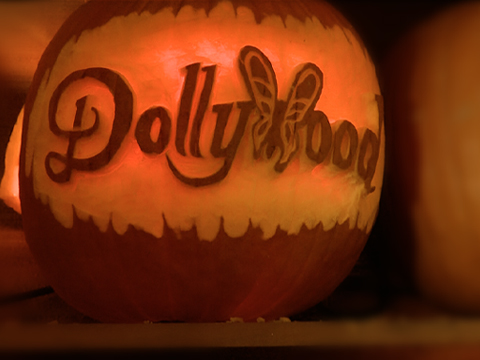 Dollywood Prepares New Display For Harvest Festival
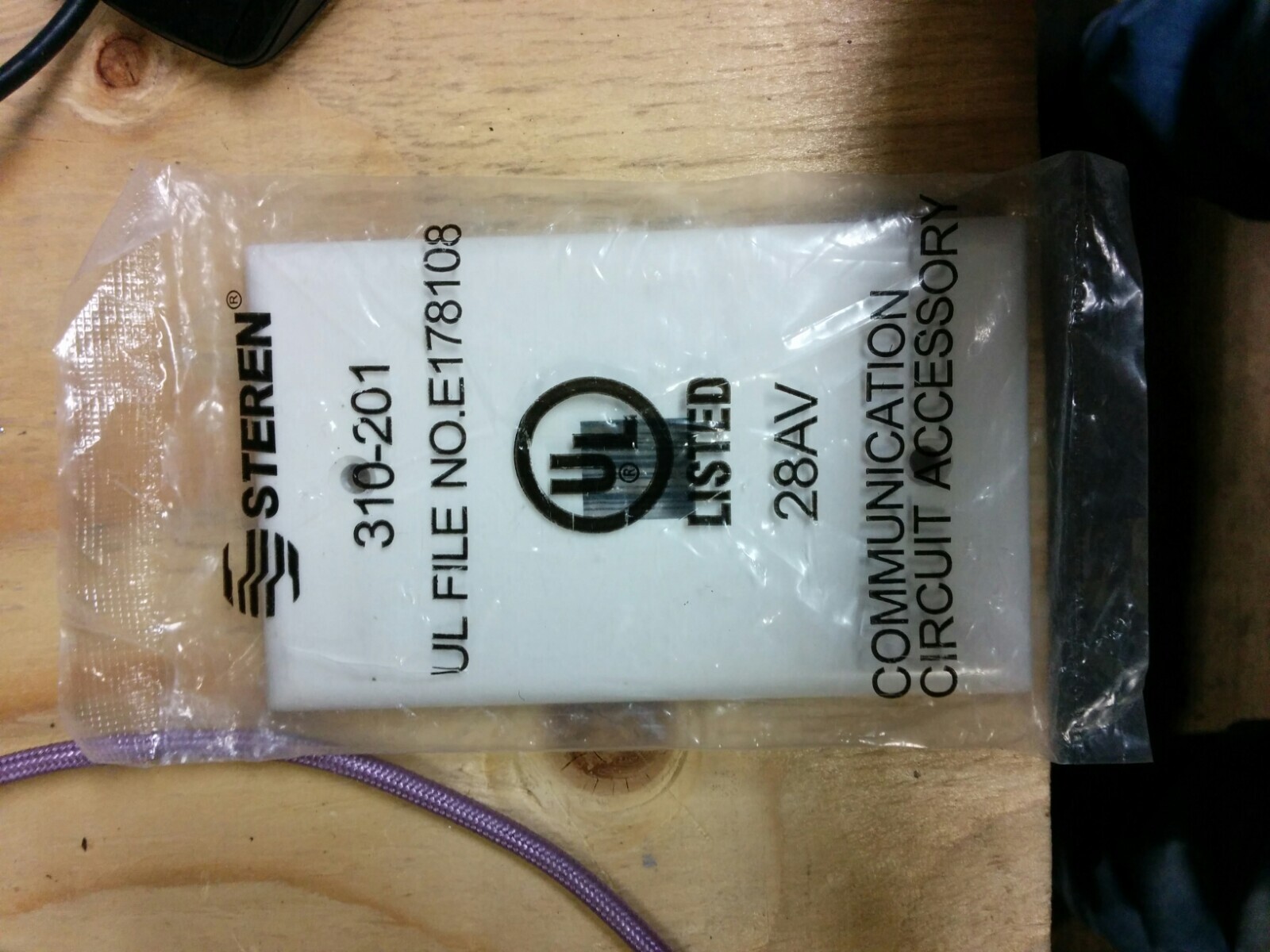 STEREN Standard Keystone 1-Port Wall Plate White lot of 6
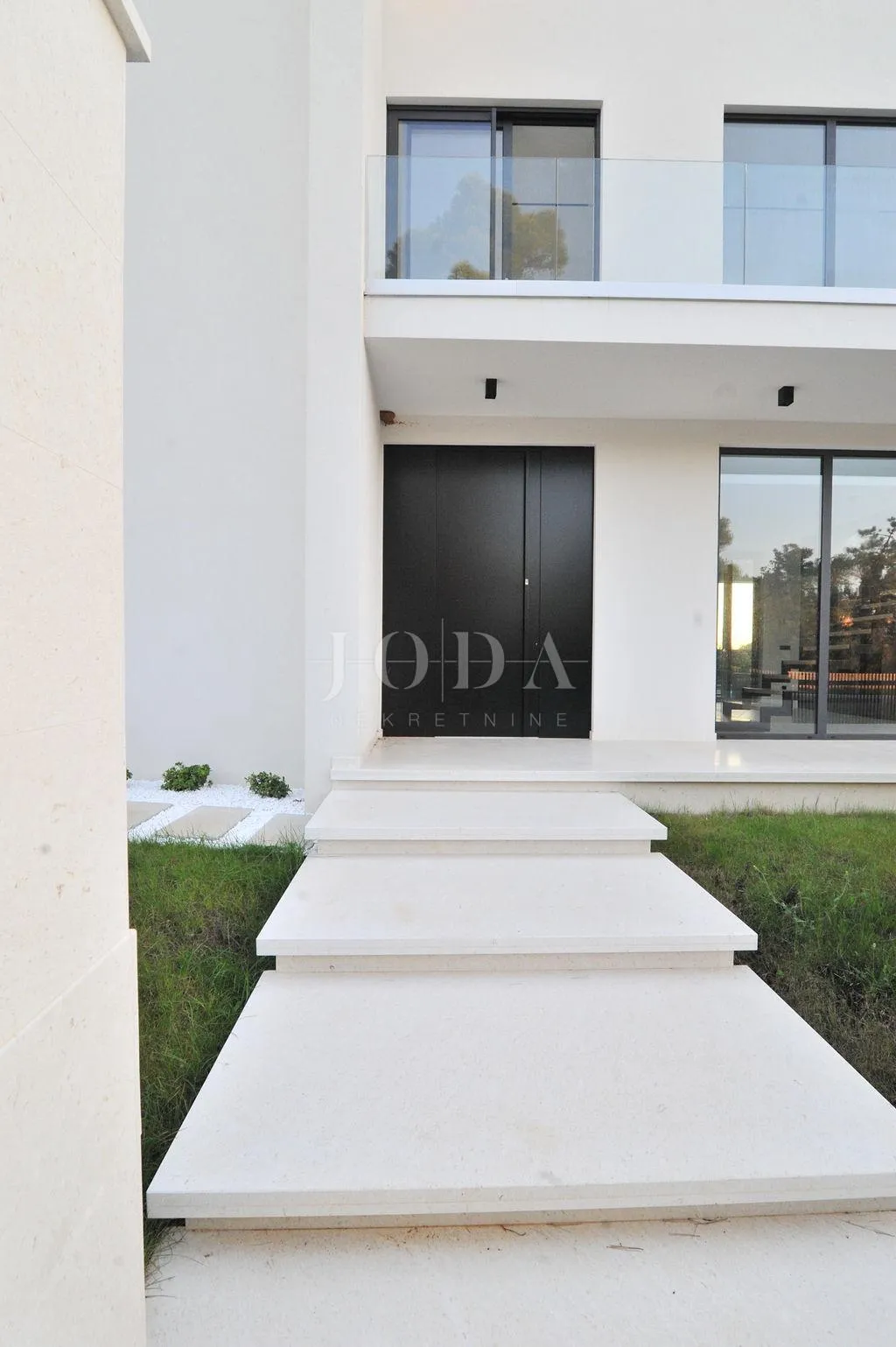 zadar, okolica, moderna vila blizu mora - slika 25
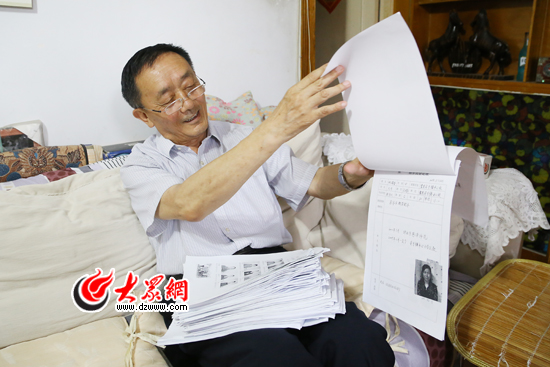 周加惠向大众网记者展示他的“支教记录”。(亓翔 摄)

▶ **Exercise**
Word for word, restate all of the material, omitting the images.

▶ **Answer space**
 Dollywood Prepares New Display For Harvest Festival
 STEREN Standard Keystone 1-Port Wall Plate White lot of 6
 zadar, okolica, moderna vila blizu mora - slika 25
 周加惠向大众网记者展示他的“支教记录”。(亓翔 摄)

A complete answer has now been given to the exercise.